Barfly on the Wall

S heppard’s Tavern in Guilford (map) is a place of spoken rules and unspoken corollaries. Along with beer, sports and music stuff, the walls are sprinkled with tough decrees: “Bartender is always right.” “Stop global whining.” Around an image of a guitarist giving customers the finger: “No tabs / Cash only / ATM in the back.”

But within those boundaries, a kind of libertarian spirit thrives. Swearing loud enough for it to carry across the bar is very allowed. “No way you’re fuckin’ payin’,” one customer told a friend who’d started to reach for his wallet after ordering a beer. “Fuck you!” a mother said to her daughter after a joke, each of them giggling over a vodka soda.

The TVs were tuned to college basketball and pro hockey, with pool and darts available in back. Communal baskets of popcorn sat on the bar, where elbows have sanded through the gloss and stain and are now working their way through the wood. Among all the stuff climbing the walls was a new decoration: a painterly image of a European noble, all frilly and foppish in an officer’s uniform. Turns out it’s a joke portrait of a regular named Jason, his smiling face looking completely soused.

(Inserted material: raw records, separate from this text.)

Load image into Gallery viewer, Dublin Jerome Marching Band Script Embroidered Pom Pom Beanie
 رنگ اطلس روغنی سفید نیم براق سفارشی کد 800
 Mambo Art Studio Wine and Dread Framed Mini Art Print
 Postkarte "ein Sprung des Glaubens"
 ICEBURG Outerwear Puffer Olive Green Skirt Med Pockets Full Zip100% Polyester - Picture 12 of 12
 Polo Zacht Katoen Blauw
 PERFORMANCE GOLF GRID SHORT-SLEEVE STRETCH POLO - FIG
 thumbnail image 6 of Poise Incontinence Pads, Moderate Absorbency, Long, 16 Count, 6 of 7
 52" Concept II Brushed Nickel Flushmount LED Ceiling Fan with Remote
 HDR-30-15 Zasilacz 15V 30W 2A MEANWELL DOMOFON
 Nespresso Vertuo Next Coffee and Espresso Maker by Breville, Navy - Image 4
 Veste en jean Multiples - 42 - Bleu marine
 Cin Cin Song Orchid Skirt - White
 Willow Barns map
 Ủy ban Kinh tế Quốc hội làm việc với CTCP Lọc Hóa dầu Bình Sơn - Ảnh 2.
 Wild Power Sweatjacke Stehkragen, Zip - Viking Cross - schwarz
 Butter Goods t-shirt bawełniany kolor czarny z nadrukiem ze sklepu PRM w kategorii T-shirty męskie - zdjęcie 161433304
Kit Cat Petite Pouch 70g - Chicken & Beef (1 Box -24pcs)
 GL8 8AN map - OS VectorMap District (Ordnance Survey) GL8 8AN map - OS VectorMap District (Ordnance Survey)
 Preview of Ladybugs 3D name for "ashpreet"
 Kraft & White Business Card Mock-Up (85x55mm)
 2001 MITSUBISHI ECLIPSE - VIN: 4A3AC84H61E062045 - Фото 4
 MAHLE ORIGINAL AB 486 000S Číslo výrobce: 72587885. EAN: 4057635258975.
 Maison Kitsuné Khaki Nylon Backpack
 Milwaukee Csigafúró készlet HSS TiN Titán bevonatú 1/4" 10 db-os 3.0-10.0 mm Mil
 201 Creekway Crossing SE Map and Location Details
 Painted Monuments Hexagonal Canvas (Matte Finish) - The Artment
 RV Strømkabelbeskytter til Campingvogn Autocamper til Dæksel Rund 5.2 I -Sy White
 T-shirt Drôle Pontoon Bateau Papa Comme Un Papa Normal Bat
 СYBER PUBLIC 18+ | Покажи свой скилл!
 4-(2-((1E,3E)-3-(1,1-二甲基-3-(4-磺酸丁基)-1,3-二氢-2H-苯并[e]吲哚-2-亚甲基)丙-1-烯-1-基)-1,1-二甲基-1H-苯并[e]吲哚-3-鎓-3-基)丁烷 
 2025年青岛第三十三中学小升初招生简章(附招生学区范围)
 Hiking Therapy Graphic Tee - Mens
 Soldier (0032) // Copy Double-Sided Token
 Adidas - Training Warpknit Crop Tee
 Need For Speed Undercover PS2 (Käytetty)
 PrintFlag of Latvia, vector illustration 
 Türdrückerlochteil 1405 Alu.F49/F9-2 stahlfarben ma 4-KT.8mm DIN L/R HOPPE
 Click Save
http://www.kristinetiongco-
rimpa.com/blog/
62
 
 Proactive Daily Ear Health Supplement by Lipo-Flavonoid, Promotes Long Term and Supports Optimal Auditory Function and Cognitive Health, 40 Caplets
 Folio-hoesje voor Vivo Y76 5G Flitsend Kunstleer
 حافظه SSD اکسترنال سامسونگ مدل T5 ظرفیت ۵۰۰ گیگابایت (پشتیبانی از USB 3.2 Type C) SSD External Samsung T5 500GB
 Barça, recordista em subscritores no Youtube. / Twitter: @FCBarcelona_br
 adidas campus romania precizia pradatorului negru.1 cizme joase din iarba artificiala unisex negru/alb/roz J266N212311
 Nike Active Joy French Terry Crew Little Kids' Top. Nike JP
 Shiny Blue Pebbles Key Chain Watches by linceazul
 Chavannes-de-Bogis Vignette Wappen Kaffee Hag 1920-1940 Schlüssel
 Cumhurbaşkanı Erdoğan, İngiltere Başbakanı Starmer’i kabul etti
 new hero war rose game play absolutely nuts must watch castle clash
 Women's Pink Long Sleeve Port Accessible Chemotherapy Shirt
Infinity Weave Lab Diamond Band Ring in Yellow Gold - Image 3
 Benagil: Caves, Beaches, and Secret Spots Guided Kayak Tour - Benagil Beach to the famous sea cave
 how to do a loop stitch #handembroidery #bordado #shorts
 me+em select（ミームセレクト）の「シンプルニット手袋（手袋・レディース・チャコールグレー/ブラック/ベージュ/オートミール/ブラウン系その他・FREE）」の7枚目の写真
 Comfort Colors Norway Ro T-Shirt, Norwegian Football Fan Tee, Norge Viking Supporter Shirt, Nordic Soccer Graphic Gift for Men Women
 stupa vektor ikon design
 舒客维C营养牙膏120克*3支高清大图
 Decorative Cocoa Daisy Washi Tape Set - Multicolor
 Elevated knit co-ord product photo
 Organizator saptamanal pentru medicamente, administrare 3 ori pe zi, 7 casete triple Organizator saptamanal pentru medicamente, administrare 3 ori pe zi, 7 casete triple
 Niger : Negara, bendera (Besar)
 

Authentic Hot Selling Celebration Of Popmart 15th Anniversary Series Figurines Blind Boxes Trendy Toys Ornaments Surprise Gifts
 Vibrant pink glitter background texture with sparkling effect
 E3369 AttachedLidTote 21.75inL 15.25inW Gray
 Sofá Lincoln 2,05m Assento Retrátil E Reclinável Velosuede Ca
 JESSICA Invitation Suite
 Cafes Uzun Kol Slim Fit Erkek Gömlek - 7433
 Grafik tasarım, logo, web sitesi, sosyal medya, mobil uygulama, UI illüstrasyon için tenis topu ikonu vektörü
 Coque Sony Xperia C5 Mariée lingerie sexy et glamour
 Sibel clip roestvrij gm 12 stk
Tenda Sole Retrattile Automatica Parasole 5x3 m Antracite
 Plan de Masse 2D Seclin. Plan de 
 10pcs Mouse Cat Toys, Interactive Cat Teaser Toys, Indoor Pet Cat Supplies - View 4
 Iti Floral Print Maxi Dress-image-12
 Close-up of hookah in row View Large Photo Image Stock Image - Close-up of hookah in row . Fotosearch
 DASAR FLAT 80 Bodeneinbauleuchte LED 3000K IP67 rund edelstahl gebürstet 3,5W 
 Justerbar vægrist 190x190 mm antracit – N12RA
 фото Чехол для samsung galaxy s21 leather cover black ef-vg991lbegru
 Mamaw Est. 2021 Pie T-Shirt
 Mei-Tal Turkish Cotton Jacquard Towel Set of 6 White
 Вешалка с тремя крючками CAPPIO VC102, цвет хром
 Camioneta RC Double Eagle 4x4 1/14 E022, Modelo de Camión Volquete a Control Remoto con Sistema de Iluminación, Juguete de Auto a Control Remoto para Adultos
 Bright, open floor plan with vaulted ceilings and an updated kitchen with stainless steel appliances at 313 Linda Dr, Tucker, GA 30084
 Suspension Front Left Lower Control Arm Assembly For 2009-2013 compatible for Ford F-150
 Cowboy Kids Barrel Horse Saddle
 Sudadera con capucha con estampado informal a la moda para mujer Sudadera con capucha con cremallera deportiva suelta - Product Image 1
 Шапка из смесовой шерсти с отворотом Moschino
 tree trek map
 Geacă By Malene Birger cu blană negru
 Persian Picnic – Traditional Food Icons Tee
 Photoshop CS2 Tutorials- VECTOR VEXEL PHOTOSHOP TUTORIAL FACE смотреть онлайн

The story behind the portrait emerged as the bartender and many of her customers talked like old friends about recent trips, local crushes, official COVID guidance, personal cannabis guidance. Their similar accents and affectations, which I’ll recklessly summarize as Brooklynite meets Bostonian, felt rooted to the spot.

The “New York-style” pretzel I ordered ($4) was even saltier than the bar itself; I had to shave away about 90% of the white stuff. On the side, the “Shepp’s spicy mustard” felt like house-made salsa mixed with store-bought mustard. Somehow it worked. Despite a handful of craft beers on tap, a basic selection of liquors and, in the bar’s daintiest touch, a number of wine selections and specials written out in chalk, I kept my head down and went with a draft Bud Light ($4), which was cold and frothy with a pleasing half-inch of foam.

Bar Rescue would have a thing or two to say about a thing or two, including a microwave visible from the bar and ice scooped from a zip-up cooler. But in my best attempt at a Sheppard’s accent, I say: If it ain’t fuckin’ broke, don’t fix it.

Sheppard’s Tavern
5 Water St, Guilford (map)
(203) 458-7477

Written and photographed by Dan Mims.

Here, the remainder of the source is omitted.